**RECORDED DATA**.

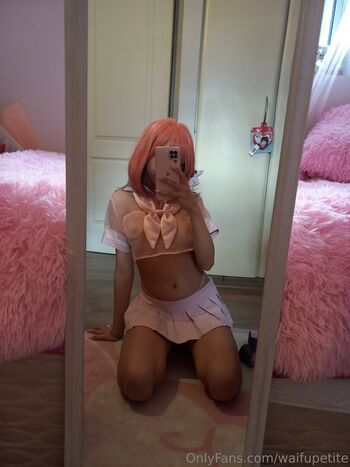 Full leaked Waifupetite private photo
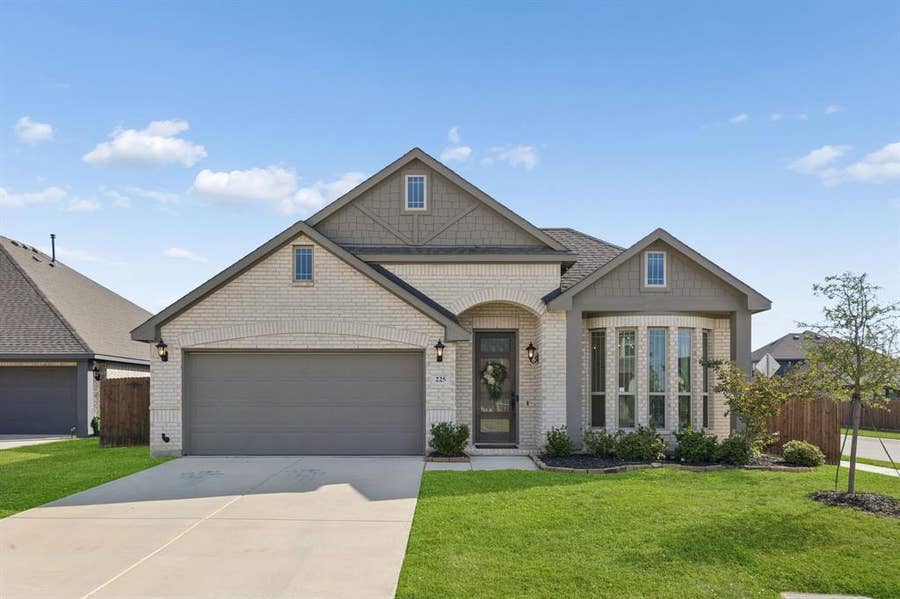 Property photo for 225 Clairmont Drive, Ponder, TX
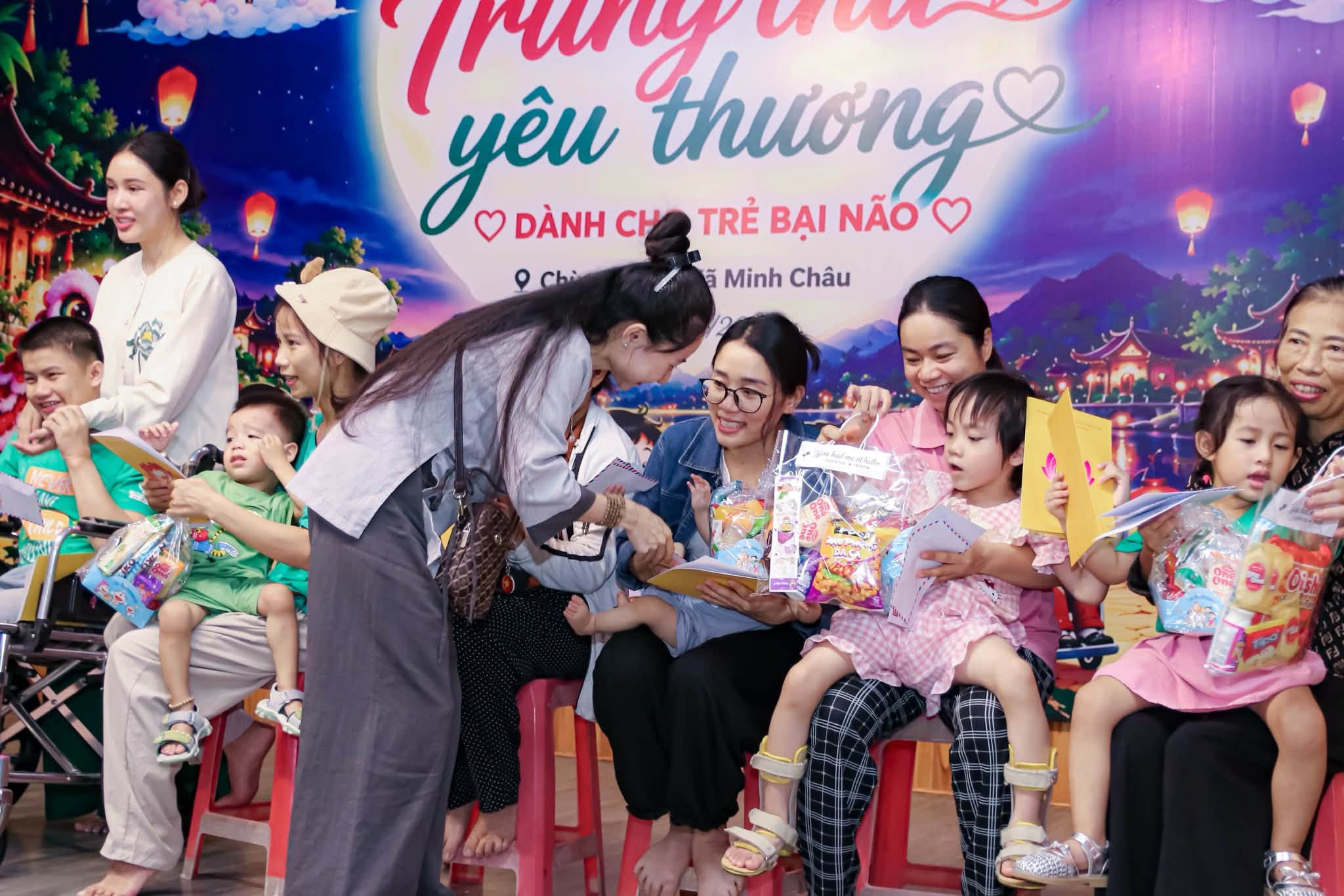 Trao quà trung thu cho các gia đình có trẻ bị bại não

**INSTRUCTIONS FOR THE TASK**. Please reproduce the listing exactly, leaving out any pictures.

**RESULT BELOW**.
 Full leaked Waifupetite private photo
 Property photo for 225 Clairmont Drive, Ponder, TX
 Trao quà trung thu cho các gia đình có trẻ bị bại não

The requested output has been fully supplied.